TASK: From the first line of the listing below to the line with "Novembernebel...", print each line exactly, and nothing more. Leave out the pictures.

SUPPLIED INFORMATION:

-- Opening Marker --

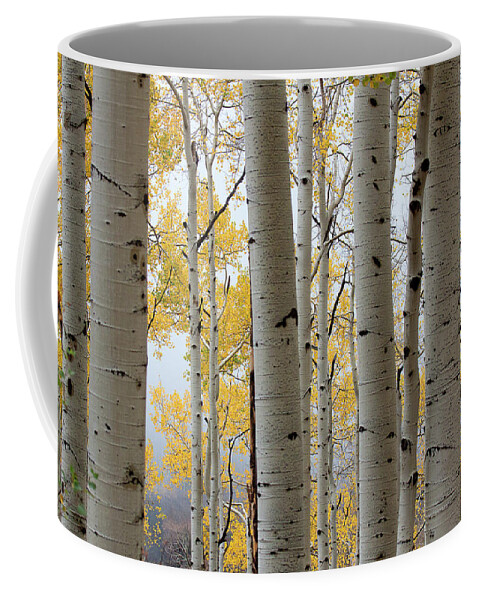 Autumn Colors Coffee Mug featuring the photograph Rainy Day Aspen by Jim Garrison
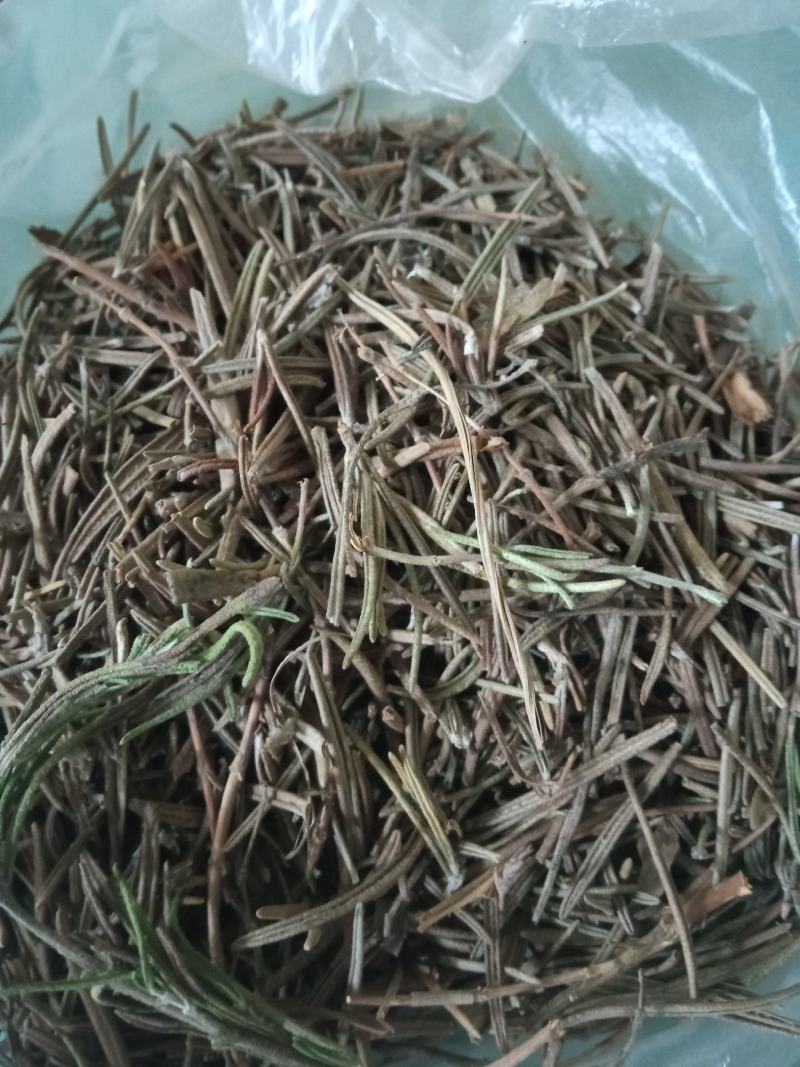 中药材迷迭香干叶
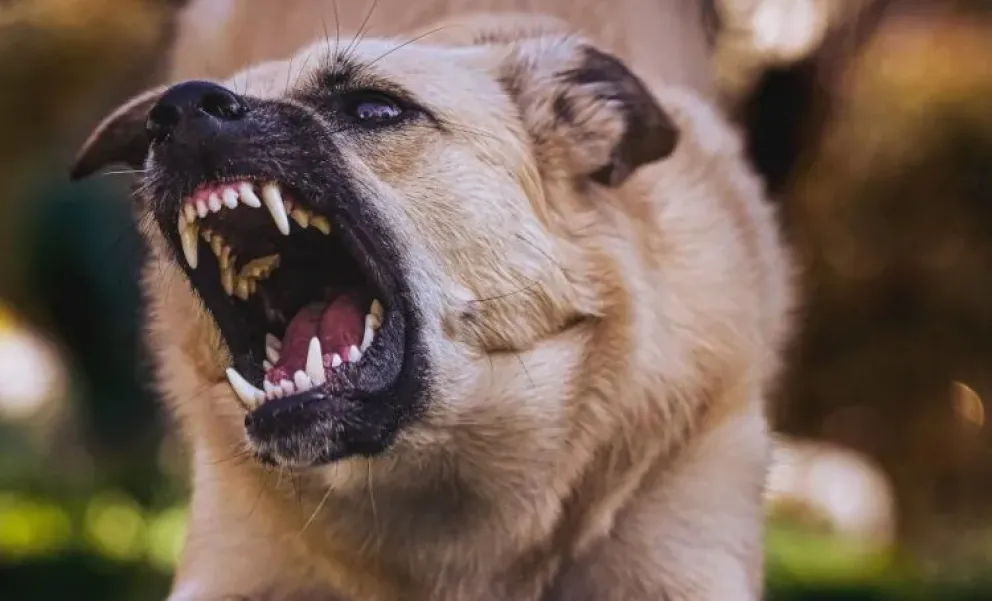 Horror en Formosa: una mujer falleció luego de ser atacada por sus tres perros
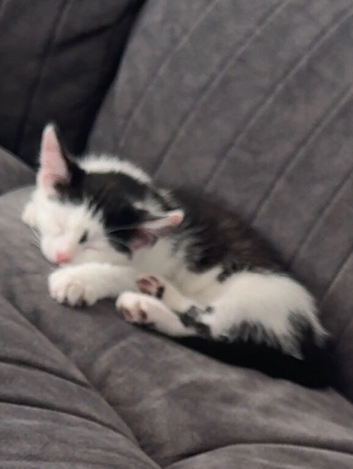 Kitten for sale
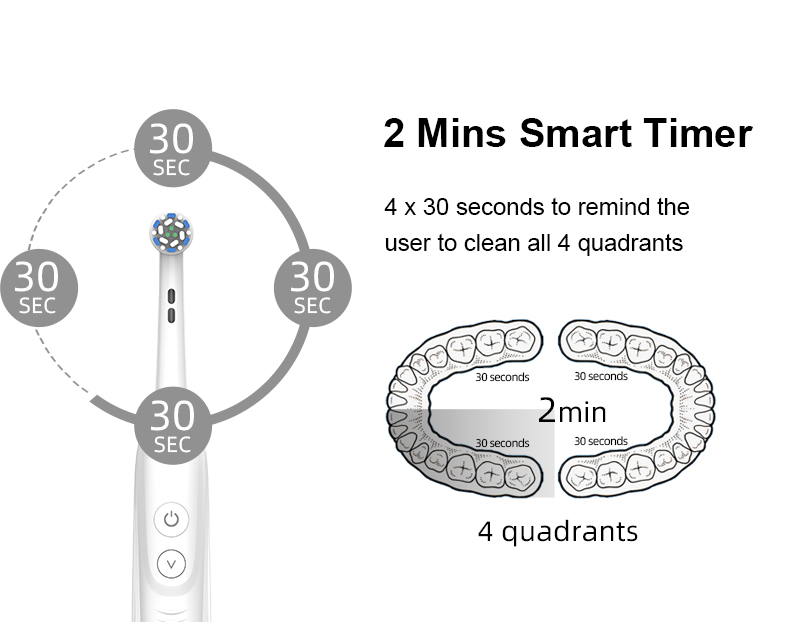 Custom Rotating Electric Toothbrush RLI312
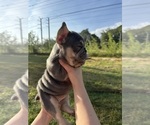 Small Photo #10 French Bulldog Puppy For Sale in SARASOTA, FL, USA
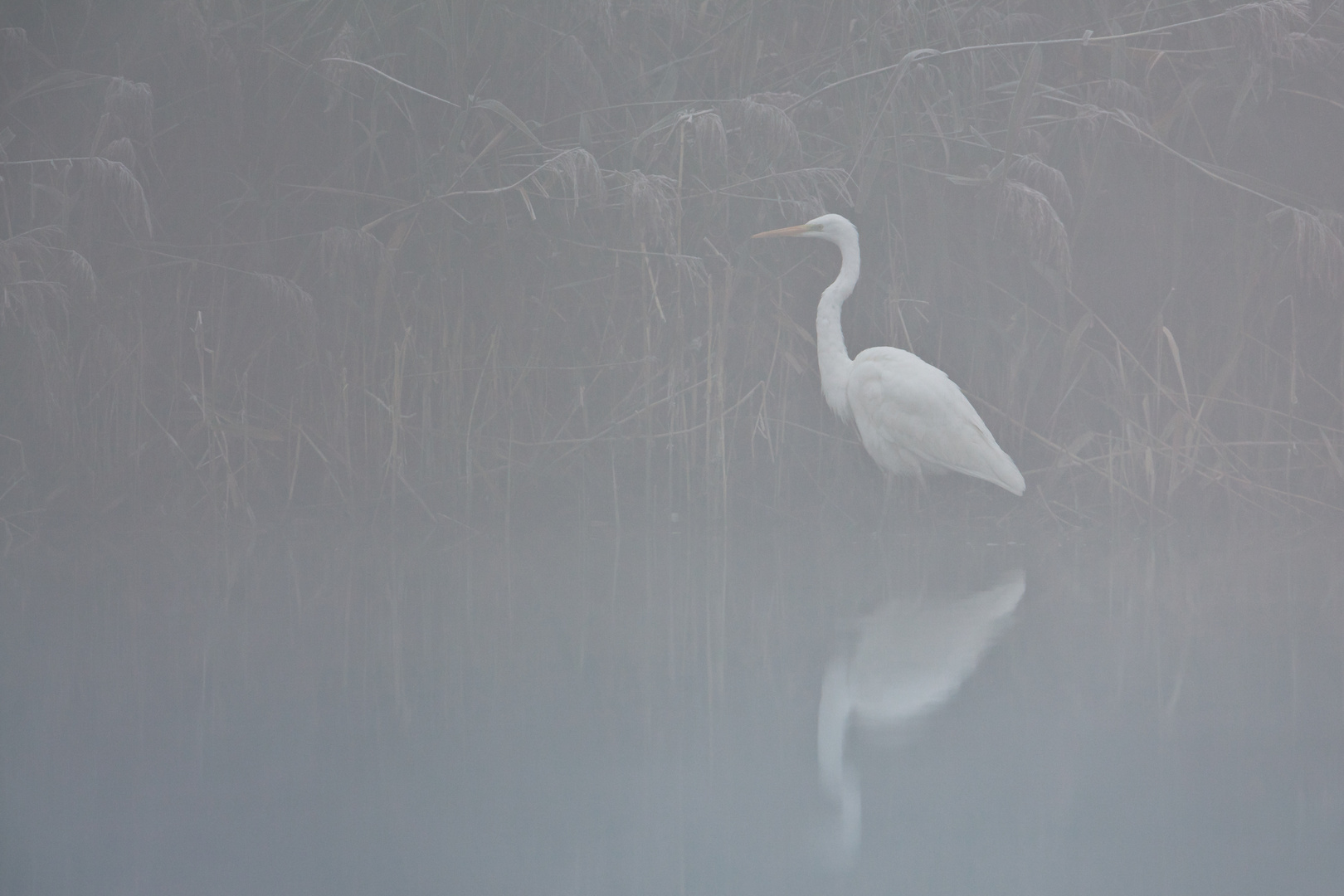 Novembernebel...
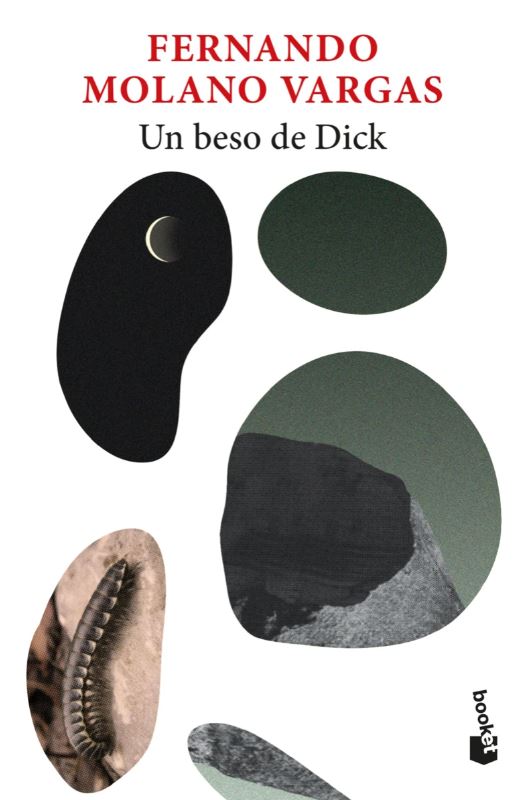 Portada: Un beso de Dick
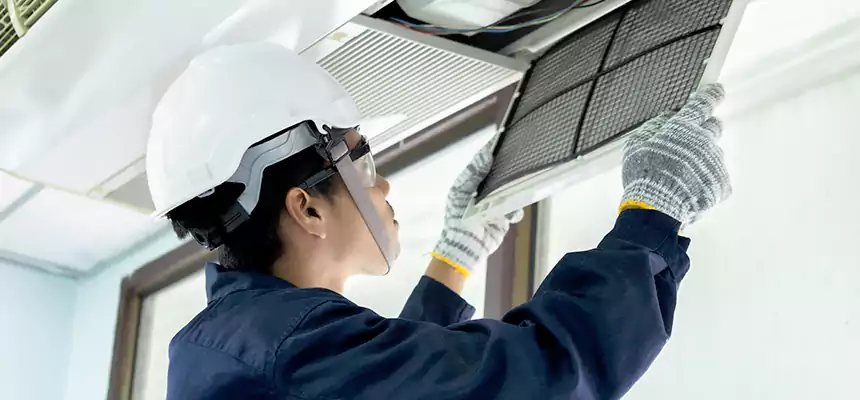 Our Mold & Mildew Removal from Air Ducts Services in South Holland, IL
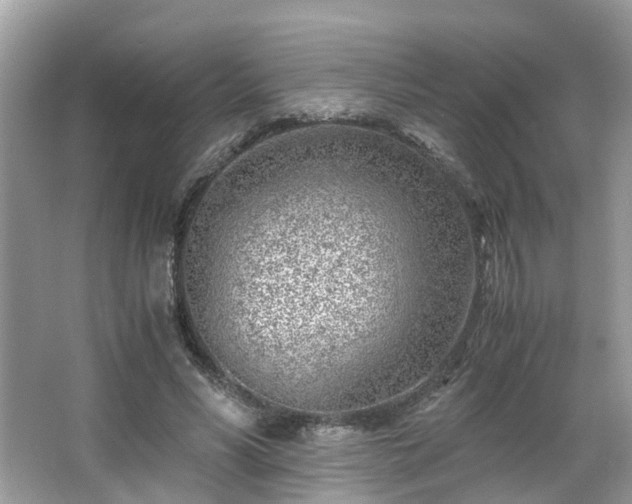 X0000063520590200601231518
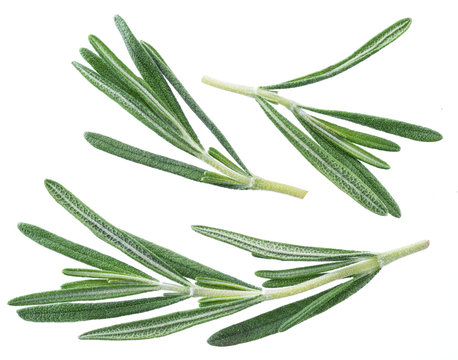 Rosemary herb.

-- Closing Marker --

RESULT OF THE EXERCISE:
 Autumn Colors Coffee Mug featuring the photograph Rainy Day Aspen by Jim Garrison
 中药材迷迭香干叶
 Horror en Formosa: una mujer falleció luego de ser atacada por sus tres perros
 Kitten for sale
 Custom Rotating Electric Toothbrush RLI312
 Small Photo #10 French Bulldog Puppy For Sale in SARASOTA, FL, USA
 Novembernebel...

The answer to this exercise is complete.